§ **Data records**
......

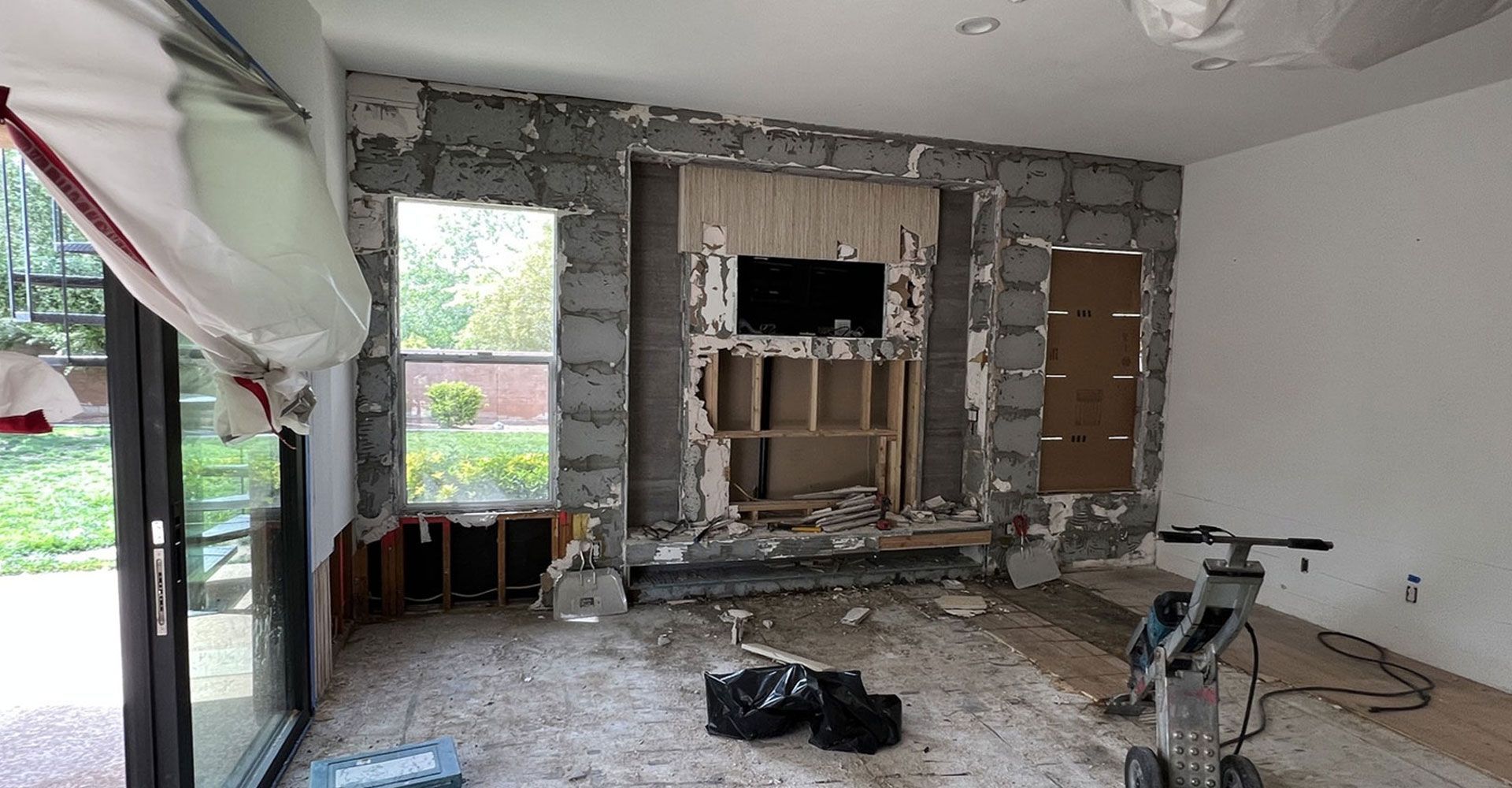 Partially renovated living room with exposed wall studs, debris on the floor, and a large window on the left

......

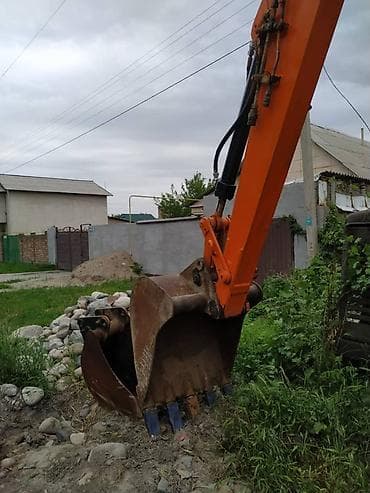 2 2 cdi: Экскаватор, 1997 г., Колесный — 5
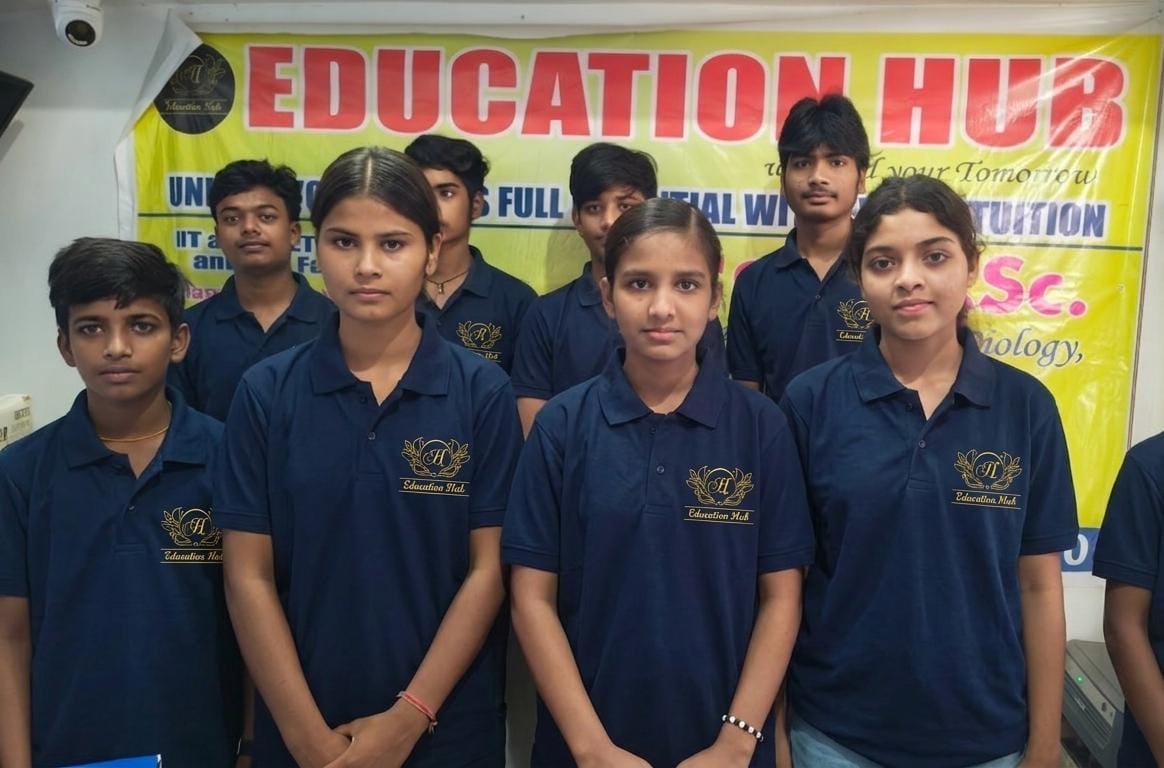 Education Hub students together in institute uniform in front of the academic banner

......

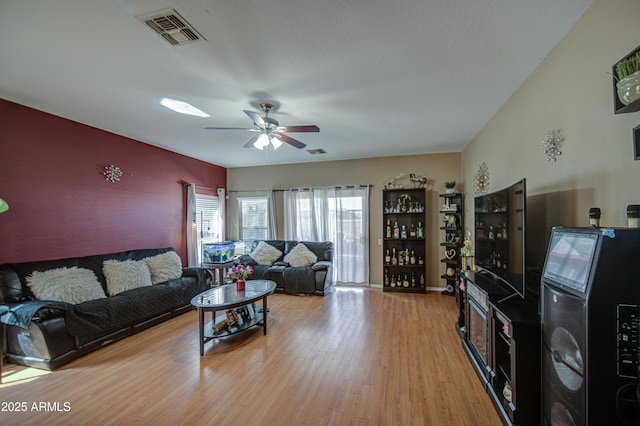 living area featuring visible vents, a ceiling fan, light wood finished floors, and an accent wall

......

§ **Your task**
Each line above starting at the one holding "2 2 cdi: Экскаватор, 1997 г., Колесный — 5" and ending at the one holding "Education Hub students" should be set down exactly as it stands, both ends included, with no pictures.

§ **Solution**
 2 2 cdi: Экскаватор, 1997 г., Колесный — 5
 Education Hub students together in institute uniform in front of the academic banner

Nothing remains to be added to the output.